Indeed, three FCA authorization decisions rendered in 2019 were subject to a challenge. Since the beginning of 2020, three additional FCA authorization decisions have already been challenged before the Conseil d'Etat, including one emergency procedure aimed at suspending the completion of a merger after FCA approval, which was rejected.

While it is not impossible to call into question the FCAs approval of the merger before the Conseil d'Etat, a third party should first attempt to influence the review process by proactively intervening during the FCA's examination of the potential deal.

 

THE INSIDE TRACK

What should a prospective client consider when contemplating a complex, multi-jurisdictional transaction?

Any client confronted with a complex multijurisdictional transaction should, firstly, not underestimate how strenuous the process will be for its organisation. The process is long, often frustrating and unpredictable, and always intense, especially in the phase where multiple authorities send rapid-fire requests for information with tied deadlines.

Merger control aspects, including potential remedies, must be prepared well in advance to be able to change course quickly if need be. A legal partner with a global reach, able to deal with the trans-national aspects of the transaction efficiently, is a must.

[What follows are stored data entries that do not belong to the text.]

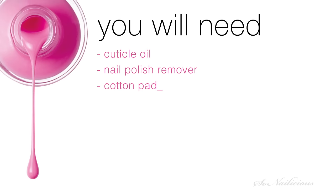Hello nail art warriors! I'm Maria from sonylicious.com where we bring you fabulous nails daily. Today I'd like to show you how to remove your manicure properly without damaging your nails. It's a very simple method that not many people know. This method will allow you to remove nail polish without getting it under your cuticles.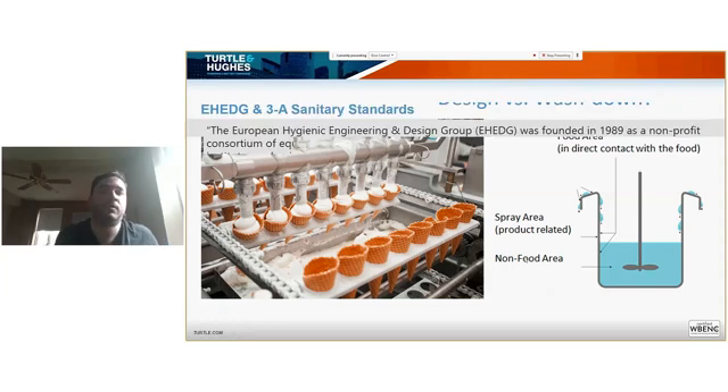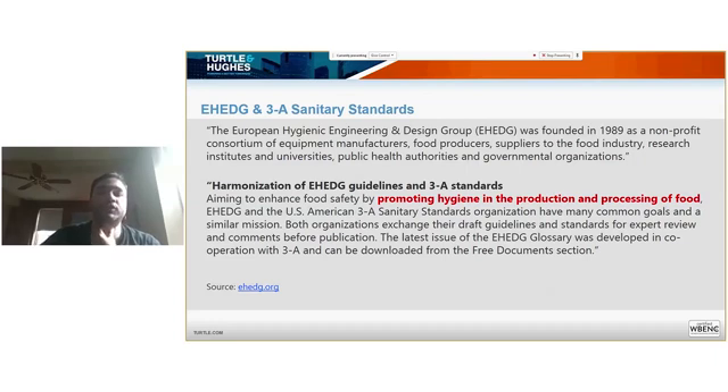There are two main sanitary standards organizations. One is the EHEDG — the European Hygienic Engineering Design Group — and the other is the US 3A. These groups support institutions with a common goal: to promote hygiene in the production and processing of food. They help machine builders, producers, component suppliers, and distributors to evaluate and design proper hygienic systems.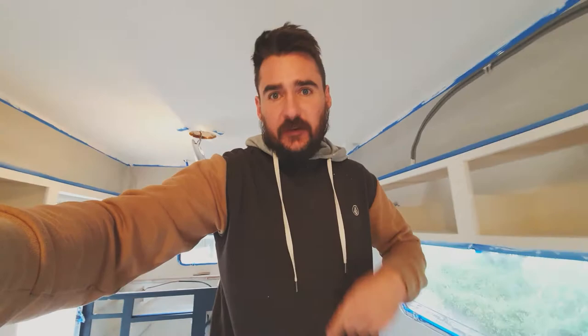Hey, welcome back. It's been about a week since I filmed anything in here. I haven't stopped working — I've been doing a lot of painting. But it's been pretty much the same thing you saw in the last video, just white on white on white with paint. It's a bit boring to film, so I'll flash forward a bit.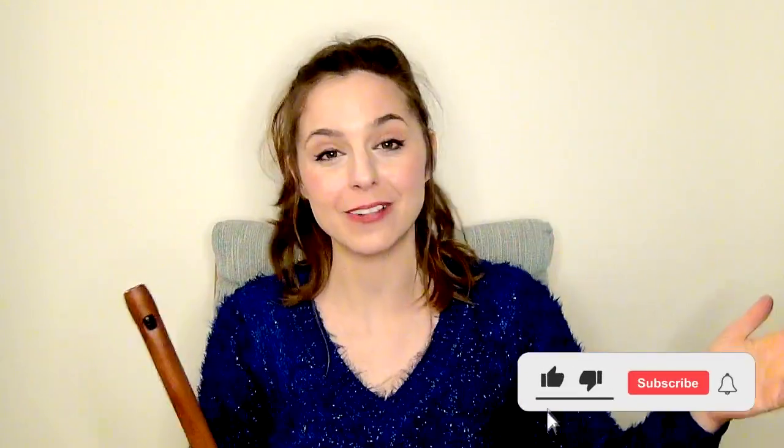Otherwise, don't forget to like, subscribe, and hit the bell if you haven't, and of course check out some other useful videos here. I'll put up some tin whistle techniques for you folks this week to hopefully expand your tin whistle knowledge. Have a great week guys, I'll see you again on Friday, but until then, happy whistling. Bye!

In your experience, what makes a difference in obtaining clearance quickly?
​​​​​
Obtaining clearance quickly requires anticipation. This means gathering relevant information such as economic data well ahead of signing if possible.

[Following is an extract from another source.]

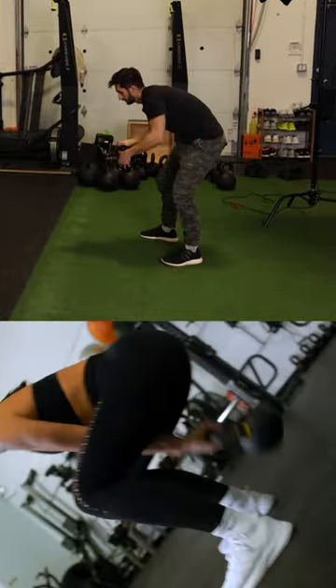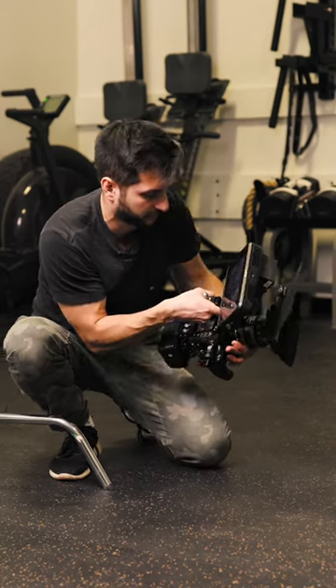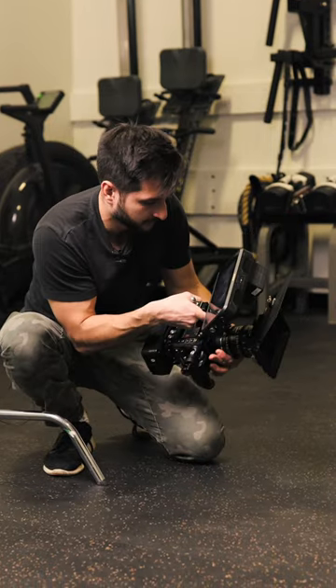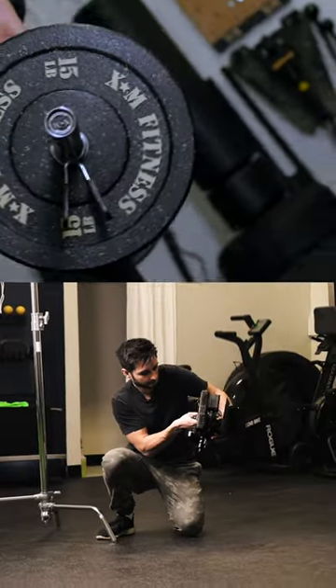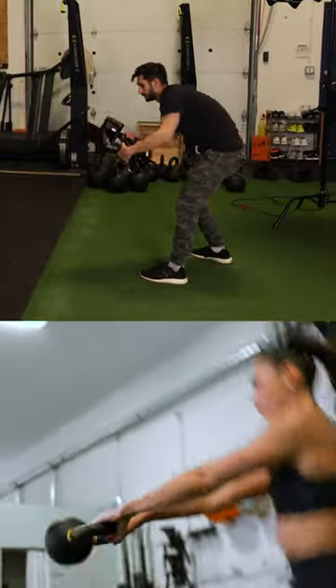The most important part of this movement is anchoring your feet down and being in a position that you won't feel unbalanced. As you can see, I'm literally twisting my body and cradling the camera back and forth. When you properly set your body up for this shot, you will get an extremely consistent result to choose from in post.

Data gathering and shaping often consumes a lot of time and has to be started as early as possible, otherwise it risks delaying pre-notification discussions. Remedies anticipation is also key: if the deal is likely to require remedies, they should be framed very early on, well ahead of the first contact with the authorities.

Finally, in a complex deal requiring many filings, the sequencing of such filings is key and should be planned early on.

What merger control issues did you observe in the past year that surprised you?

The most surprising trend is the high number of transactions that have been abandoned. This is mainly due to the fact that parties now notify the planned deal earlier than in the past, before having carefully analysed all the competition issues, and that the pre-notification stage enables the parties to identify insurmountable competitive concerns before any formal decision is reached.

The past year was also marked by the increasing number of challenges against FCA decisions by interested parties, including through emergency suspensive procedures. Clients and their advisors thus need to prepare for another obstacle to the closing of the transaction, even after the FCA has given clearance.